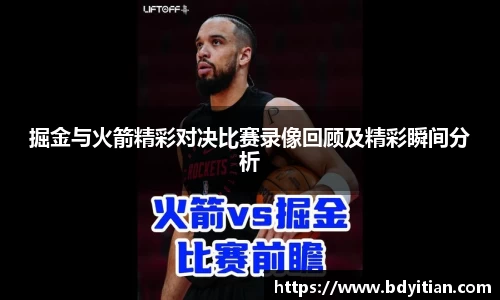 yy易游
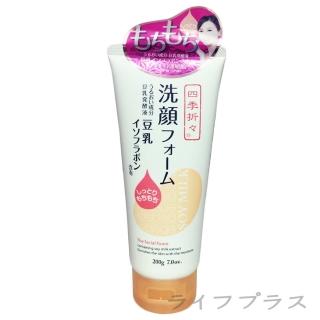 日本麗白雙效卸妝滋養洗面乳-190g-3入組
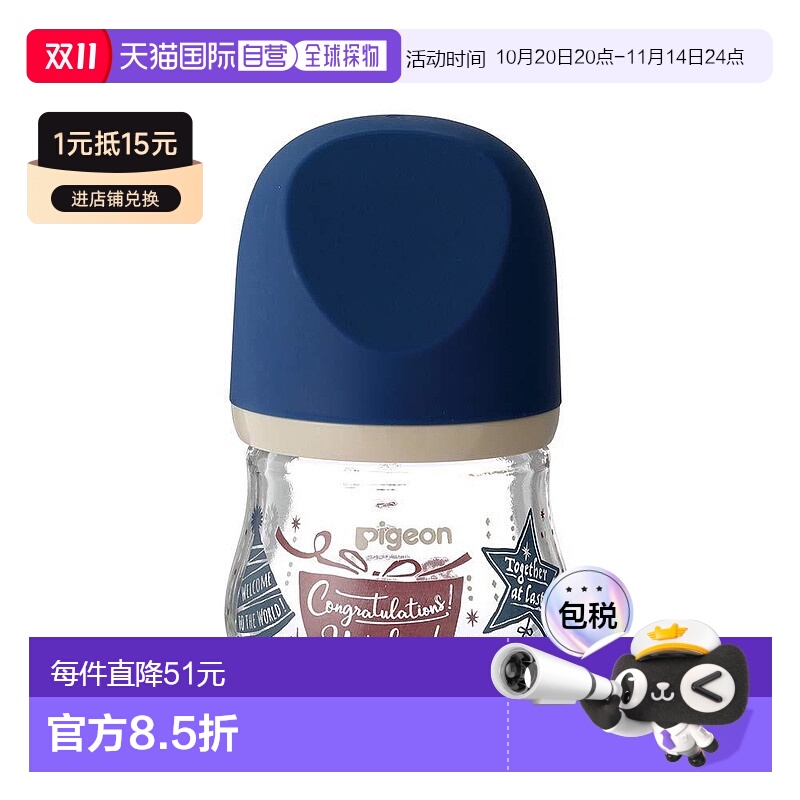 【日本直邮】Pigeon奶瓶哺乳瓶耐热玻璃制80ml礼物图样贝亲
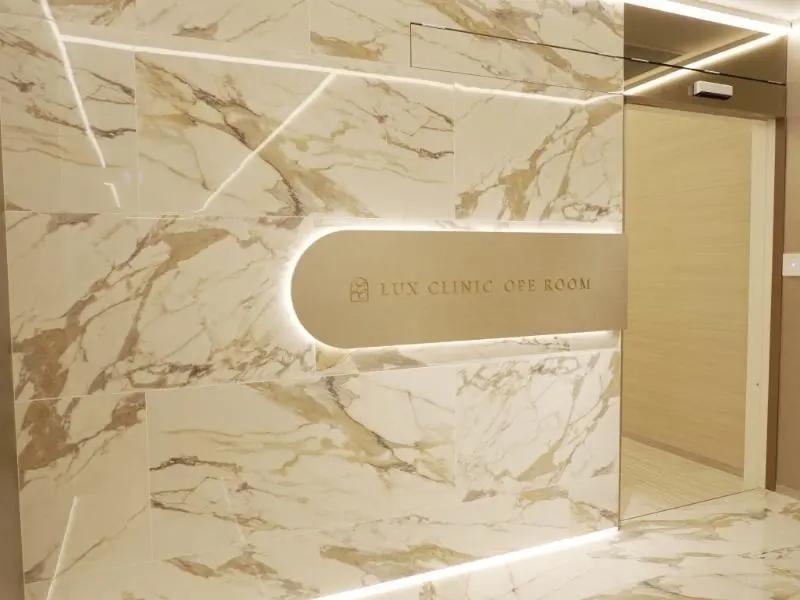 ルクスクリニック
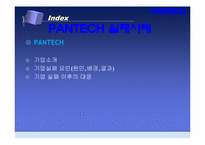 [경영학원론] PANTECH(팬텍) 실패 사례 분석-2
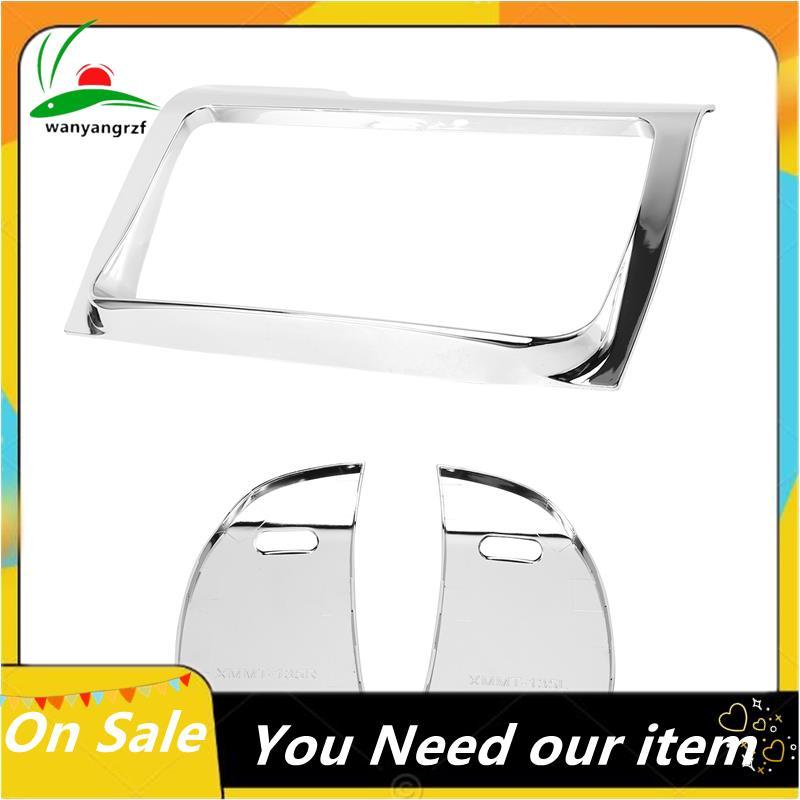 Chrome Stereo Radio Housing Kit Trim Cover สําหรับ Touring Glide Street Glid, Tri Glide Ultra 14-23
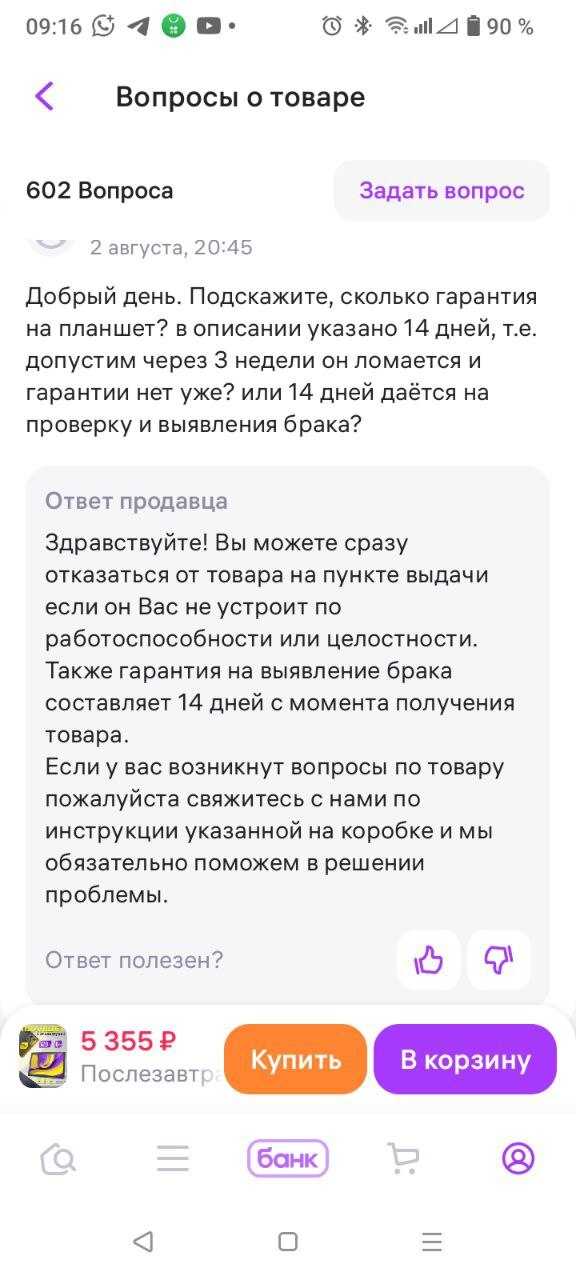 "Дырка" в законе при продаже техники на маркетплейсах. Та самая, куда мошенники законно пихают и запихивают свои непотребства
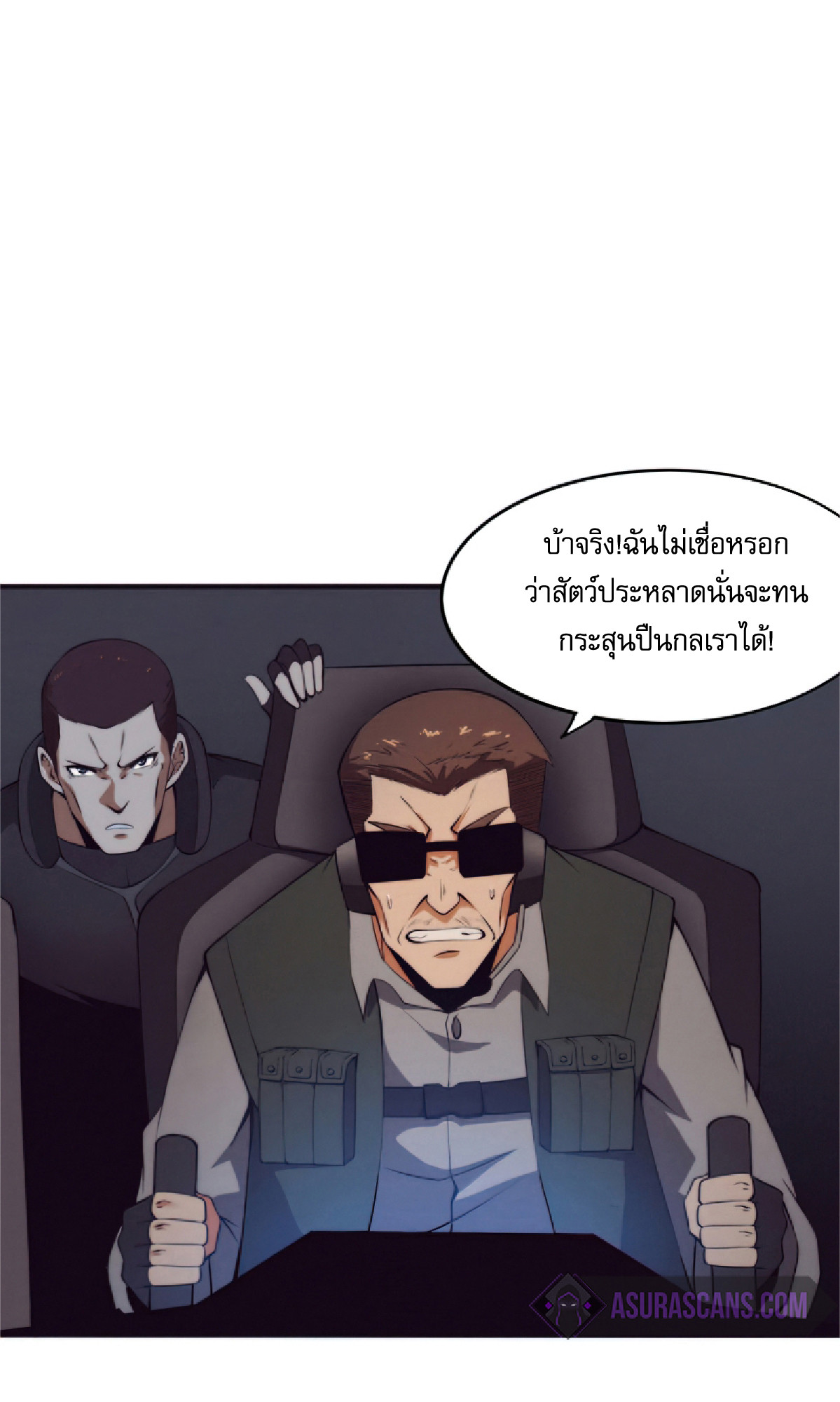 The Frenzy Of Evolution ตอนที่ 17 หน้า 77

Problem to solve:
Copy exactly the lines from the one containing "[경영학원론] PANTECH(팬텍) 실패 사례 분석-2" through the last line of the records above, including both, and omit every picture.

Answer section:
 [경영학원론] PANTECH(팬텍) 실패 사례 분석-2
 Chrome Stereo Radio Housing Kit Trim Cover สําหรับ Touring Glide Street Glid, Tri Glide Ultra 14-23
 "Дырка" в законе при продаже техники на маркетплейсах. Та самая, куда мошенники законно пихают и запихивают свои непотребства
 The Frenzy Of Evolution ตอนที่ 17 หน้า 77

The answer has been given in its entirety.